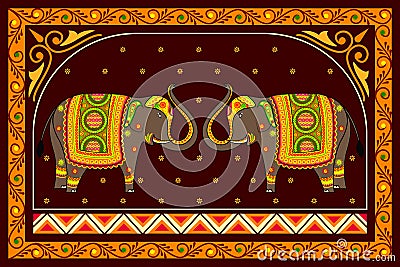 Decorated Elephant Vector Illustration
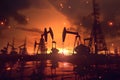 View of the oil plant. Oil industry concept. Generative AI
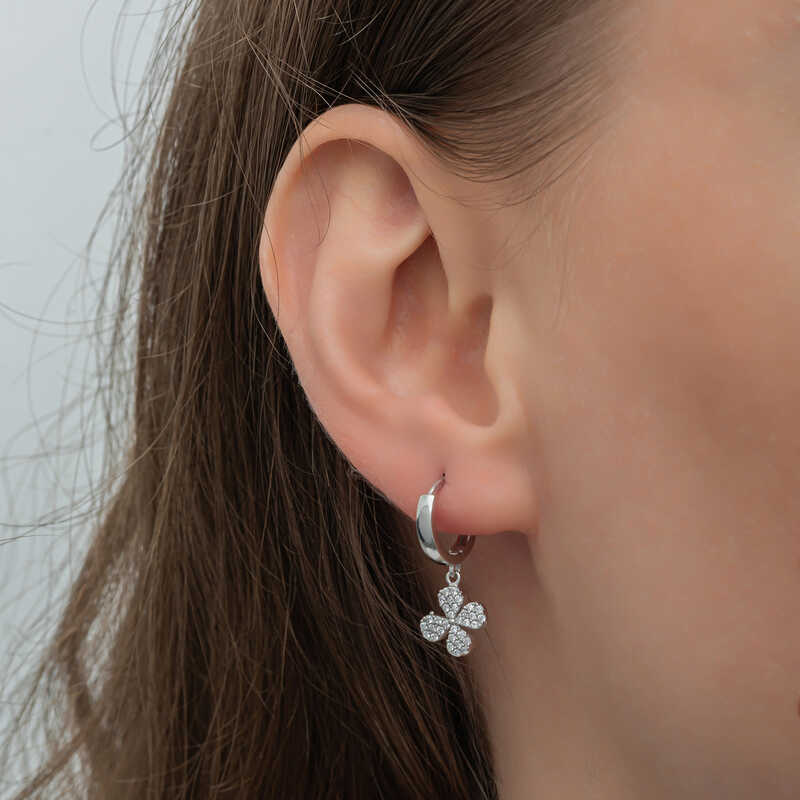 Silver Dangling Clover Women’s Earrings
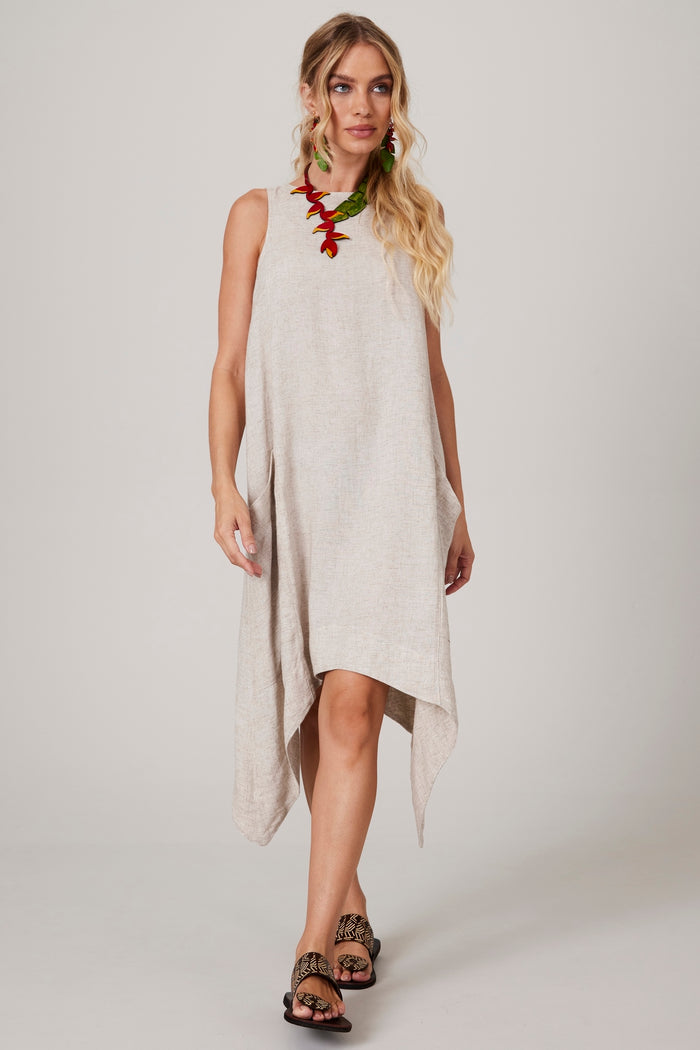 Yacamim E27 Plain Beige Linen Sleeveless Short Dress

----------

= Assignment =
The answer must repeat every line of the listing exactly and leave the pictures out.

= Task response =
 Decorated Elephant Vector Illustration
 View of the oil plant. Oil industry concept. Generative AI
 Silver Dangling Clover Women’s Earrings
 Yacamim E27 Plain Beige Linen Sleeveless Short Dress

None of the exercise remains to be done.